Open Source Tools for Parsing Clinical Records
Researchers at the Mayo Clinic and IBM have each built computer pipelines for extracting useful information from unstructured notes in patient charts, such as physician’s notes and pathology reports. And they’ve now partnered to make these best-of-breed natural language annotators freely available through the Open Health Natural Language Processing (OHNLP) Consortium ( http://ohnlp.org ).
“While each of us [IBM and Mayo] contributed a whole pipeline, the more important contribution was that we were starting to feed the shelves with annotator widgets that other people could take and assemble in different and interesting ways,” says Christopher Chute, MD, DrPh, Mayo Clinic bioinformatics expert and senior consultant on the OHNLP Consortium project.

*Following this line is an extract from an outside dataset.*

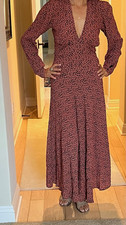 DOEN Black/Rust Animal Print Cotton V-Neck Wrap Maxi Dress Long Sleeve S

If someone wants to create a complex natural language processing (NLP) pipeline to address a particular research question, “maybe they write the tough little piece that goes in the middle, but 90 percent of the work is already written,” he says.
Until recently, researchers could only access valuable data within medical records by hiring medical professionals to read charts and abstract the information out to a case report form. And while general architectures for building NLP pipelines and automating this process of extracting information from medical records aren’t new, and some of the pieces of the OHNLP pipelines, such as standardized vocabularies, have existed for some time, the Mayo and IBM pipelines weave many pieces together to accomplish real world tasks. “And that’s what we so desperately need,” says Rebecca Crowley, MD, associate professor of biomedical informatics at the University of Pittsburgh, a researcher who has developed a separate open source pipeline (caTIES) for extracting information from pathology reports.
In an NLP pipeline, unstructured text goes through a series of annotators that work step-by-step toward identifying meaningful entities or phrases and the relationships between them. For instance, the first annotator distiniguishes letters from punctuation and other marks, the next identifies words, and the next that identifies parts of speech. Ultimately this might lead to an annotator that could assign meaning to phrases or entities.
For the most part, Chute says, Mayo’s pipeline (cTAKES) stops at the stage of entity recognition—identifying specific symptoms, diseases, and drugs. Once you have the entities or phrases, he says, “then you can start doing all kinds of fun things either with subsequent annotators or as a post-NLP process.” IBM’s medKAT pipeline also includes annotators that identify relations between named entities. For example, a pathology record might mention multiple sites and sizes of tumors, but medKAT identifies relationships among those pieces of information in order to identify, for example, the size of the primary tumor.
In the long run, Chute says, the OHNLP will be most valuable for building a community of people who use shared tools. IBM’s manager of medical text and image analysis, Anni Coden, PhD, who leads work on the IBM pipeline (medKAT), agrees. “We [IBM and Mayo] decided to put this out there in open source because it takes a whole community to make progress in this field,” says Coden. “If we put our efforts together we may be able to solve it.”
Crowley says the long-term value of NLP pipelines is clear: “So much of the data we want to work with is available only in text,” she says. “Data mining, identifying new hypotheses, translational research and clinical trials can all benefit greatly from being able to access data in text.”